The phone on the desk began to ring. The room froze into total stillness. Nicolas sat very still in his chair, hands tense, eyes fixed on the two policemen. And waited.

Two rings. Three rings. It seemed an age. Four. He got the nod. He snatched up the phone. ‘Santino,’ he announced.

‘Ah, good evening, signore.’ The smooth, oily voice slid snake-like into every headphoned ear listening in. ‘You have resolved the small cash-flow problem, I hope …’

Dawn was just breaking the sky when Nicolas entered Sara’s room and gently shook her awake.

She sat up with a jerk. ‘What’s happened?’ she gasped, instantly alert, her eyes huge and frightened in her sleep-flushed face.

‘It’s over, cara,’ he murmured soothingly. ‘Your daughter is safe.’

‘Safe?’ She blinked up at him, not really taking the words in. ‘Safe, Nicolas?’ she repeated. ‘Really safe?’

‘Yes.’ He nodded.

‘Oh, God.’ Her hand whipped up to cover her wobbling mouth, her eyes, still badly bruised with the strain of it all, going luminous with tears of relief. ‘How …?’ she whispered. ‘Where is she?’

‘I will take you to her just as soon as you can get dressed and be ready to travel,’ he promised.

‘She’s not here?’ Then in a burst of alarm she cried, ‘Have they h-hurt her?’

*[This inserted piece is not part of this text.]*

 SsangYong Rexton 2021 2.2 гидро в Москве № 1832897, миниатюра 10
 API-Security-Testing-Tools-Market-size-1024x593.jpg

‘No, to both questions,’ he answered calmingly. ‘Here—’ He turned away, then turned back to push a cup of something hot into her hand. ‘Drink this, then get dressed. I would like to leave here in half an hour. Can you be ready?’

‘I … Y-yes, of course …’ She was suffering from shock—a new kind of shock, the shock of deliverance from the pits of hell, which stopped her from asking the kind of questions she knew she should be asking.

‘Good.’ He nodded, then, turning, went quickly towards the door.

‘Nic!’ She stopped him, waiting for him to turn back to face her before saying huskily, ‘Thank you.’

After what had happened between them the night before, there was a certain amount of irony in that. But he took it at its face value, his half-nod an acknowledgement before he was turning away again.

‘Downstairs in half an hour,’ he instructed, and left her alone.

She was showered, dressed and ready to leave by the specified time. Nicolas was waiting for her in the hallway. He watched her come down the stairs towards him, his eyes drifting over the simple lines of the sage-green linen trousers and cream shirt she was wearing beneath an off-white jacket. She wore no make-up—she rarely ever did. And her hair she had brushed quickly and secured back from her face with a padded green band.

Nothing fancy. Nothing couture. Like the Sara he had first met. She had reverted to that person of simple tastes the moment he’d had her banished here to his London residence. She wondered if he was making the same distinction as he watched her like that, unrevealingly, with his eyes narrowed, so that she could not read what was going on behind them. But she made no apology for her appearance. This was what she was. That other person had been fashioned like a piece of sculpture to suit the role it had been intended to play. A false role, fake like the life she had been forced to live and the marriage that should never have been.

He, by contrast, looked dynamic again, not in one of his handmade silk suits but a pair of tobacco-coloured linen trousers and a white roll-neck worn beneath a black linen jacket—Armani, she guessed, recalling that his casual wardrobe had held mainly that designer’s name.

‘Where’s Toni?’ she enquired as he led the way outside into an early summer morning.

‘He has business of mine to attend to,’ he answered coolly, opening the rear door of the Mercedes saloon standing with its engine running at the bottom of the steps.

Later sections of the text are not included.